The small headline of the Engineering News article shown here belies the gravity of the disaster: the deadliest dam failure in U.S. history. The South Fork Dam in Pennsylvania was a 72-ft-tall, 931-ft long earth and rockfill structure. After a stop-and-start construction process over a dozen years, it was completed in 1853. The dam went through several changes of ownership and was repaired inadequately. Fish screens were installed that obstructed the spillway and caused water to overtop and erode the structure. This mass of water uprooted trees, rocks, houses, rail cars and animals as it thundered down the valley before smashing into a stone railway embankment. Fires ignited by wrecked locomotives burned for three days. The death toll was 2,208.
Reporters in that era worked under different conditions. The first weekly issue of Engineering News to carry news of the catastrophe was likely printed only three or four days afterward. Information arrived by telegraph, with telephones not yet in wide use and no phone number mentioned on the journal’s masthead. It had an article describing the dam’s structure and two previous nonfatal failures in 1847 and 1862. There also was an editorial that cast blame on the public for not having an official state government engineer overseeing dam safety.
The following week’s issue contained firsthand reporting. The flood damaged rail lines in the Johnstown region, but once rail service resumed four days later, “Two [unnamed] members of the editorial staff of this journal, provided with compass, hand-level, tape-line and camera, left New York.” The ENR staffers traveled by train as far as Rockwood, Pa., and “slept on the clean hay of a dirty barn.” After reaching Johnstown the next day they proceeded to walk 14 miles “up the desolated valley” to the broken dam.
“What they saw en route, and the general state of the valley, we cannot attempt to describe and illustrate in this issue,” the publication continued. “The greatest point of interest to engineers about the disaster is the dam that caused it, and space and time are sufficiently taxed to present the facts in regard to that structure as completely as we do in this issue.” There is a plan and elevation of the ruined dam drawn from surveys made by the reporters, as well as half a dozen engravings of the remnants of the dam and the obstructed spillway. The engravings were made from photographs the reporters took. At that time, printing technology, the halftone process, was not advanced far enough to reliably print photos.

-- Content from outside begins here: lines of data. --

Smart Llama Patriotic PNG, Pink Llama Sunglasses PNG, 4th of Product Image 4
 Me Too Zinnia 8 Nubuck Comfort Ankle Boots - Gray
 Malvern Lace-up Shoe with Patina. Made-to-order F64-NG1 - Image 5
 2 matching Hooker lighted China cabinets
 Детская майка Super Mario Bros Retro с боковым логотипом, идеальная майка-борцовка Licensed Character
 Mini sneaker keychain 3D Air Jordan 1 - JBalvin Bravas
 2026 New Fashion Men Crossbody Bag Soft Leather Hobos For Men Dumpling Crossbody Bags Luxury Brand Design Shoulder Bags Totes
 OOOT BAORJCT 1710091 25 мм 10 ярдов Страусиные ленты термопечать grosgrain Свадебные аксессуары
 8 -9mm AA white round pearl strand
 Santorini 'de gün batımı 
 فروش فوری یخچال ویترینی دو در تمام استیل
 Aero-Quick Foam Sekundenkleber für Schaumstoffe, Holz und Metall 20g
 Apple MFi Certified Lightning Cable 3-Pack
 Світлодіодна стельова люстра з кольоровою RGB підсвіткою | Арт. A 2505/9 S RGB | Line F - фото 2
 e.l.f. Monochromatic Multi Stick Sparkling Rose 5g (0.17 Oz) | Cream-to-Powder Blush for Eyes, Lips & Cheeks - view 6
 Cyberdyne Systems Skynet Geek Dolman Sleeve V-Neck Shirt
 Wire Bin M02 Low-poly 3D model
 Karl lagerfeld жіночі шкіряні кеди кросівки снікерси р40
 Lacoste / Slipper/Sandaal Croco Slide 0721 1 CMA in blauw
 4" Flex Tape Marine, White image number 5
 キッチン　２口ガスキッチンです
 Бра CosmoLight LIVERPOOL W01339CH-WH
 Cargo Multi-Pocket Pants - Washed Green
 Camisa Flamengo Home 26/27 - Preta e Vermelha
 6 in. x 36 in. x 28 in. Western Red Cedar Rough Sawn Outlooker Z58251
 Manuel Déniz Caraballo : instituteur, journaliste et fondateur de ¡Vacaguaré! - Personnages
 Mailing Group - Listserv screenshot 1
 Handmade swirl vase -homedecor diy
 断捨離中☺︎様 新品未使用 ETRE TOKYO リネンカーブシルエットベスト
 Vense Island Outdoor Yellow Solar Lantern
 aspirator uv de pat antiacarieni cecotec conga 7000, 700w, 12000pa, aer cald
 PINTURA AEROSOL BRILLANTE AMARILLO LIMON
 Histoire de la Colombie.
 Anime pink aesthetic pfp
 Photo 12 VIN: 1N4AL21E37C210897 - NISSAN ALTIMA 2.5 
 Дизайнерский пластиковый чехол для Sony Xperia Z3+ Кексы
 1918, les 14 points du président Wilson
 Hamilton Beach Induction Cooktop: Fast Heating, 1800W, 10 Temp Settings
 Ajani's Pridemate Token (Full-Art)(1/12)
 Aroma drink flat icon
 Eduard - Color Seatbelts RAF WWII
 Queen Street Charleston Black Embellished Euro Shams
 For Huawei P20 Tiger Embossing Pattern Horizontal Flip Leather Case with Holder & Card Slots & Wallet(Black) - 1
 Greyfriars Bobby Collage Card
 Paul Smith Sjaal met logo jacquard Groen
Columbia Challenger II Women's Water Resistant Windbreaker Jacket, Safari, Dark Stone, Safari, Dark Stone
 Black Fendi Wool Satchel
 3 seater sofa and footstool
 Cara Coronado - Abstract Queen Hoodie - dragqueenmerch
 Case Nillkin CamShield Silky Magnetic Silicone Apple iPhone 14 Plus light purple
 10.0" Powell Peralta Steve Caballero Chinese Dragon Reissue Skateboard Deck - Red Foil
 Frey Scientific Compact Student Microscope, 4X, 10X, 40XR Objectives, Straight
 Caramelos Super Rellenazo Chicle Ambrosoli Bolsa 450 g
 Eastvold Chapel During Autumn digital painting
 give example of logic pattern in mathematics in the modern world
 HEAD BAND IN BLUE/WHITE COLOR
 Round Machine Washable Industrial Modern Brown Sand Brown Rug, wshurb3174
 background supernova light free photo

Their article pointed out that one significant factor in the dam failure was sag in its crest, due to predicted settlement over time, which had not been corrected. That rendered the spillway less effective. If there had been no sag in the crest, “the dam would have had an excellent ‘fighting chance’ of surviving intact, since it would have given 1.5 to 2.5 ft more water in the spillway, despite the obstructions…”
In discussing repairs made to the dam in 1879, the journal stated, “As a matter of fact, the rebuilders, who were aided by no engineering advice or supervision whatever ... were greatly less cautious about the spillway area instead of more so,” (emphasis in original text).
One editorial warned of the danger posed to the water supply of numerous towns and villages downstream by the presence of cadavers, dead animals and broken sewage systems. It urged public officials to clean up the wreckage speedily. Another article discussed one state, Rhode Island, which had the most effective U.S. dam safety laws, and criticized Connecticut for having a law with no teeth in it. The publication proceeded to advocate that all states institute robust public supervision of dam safety.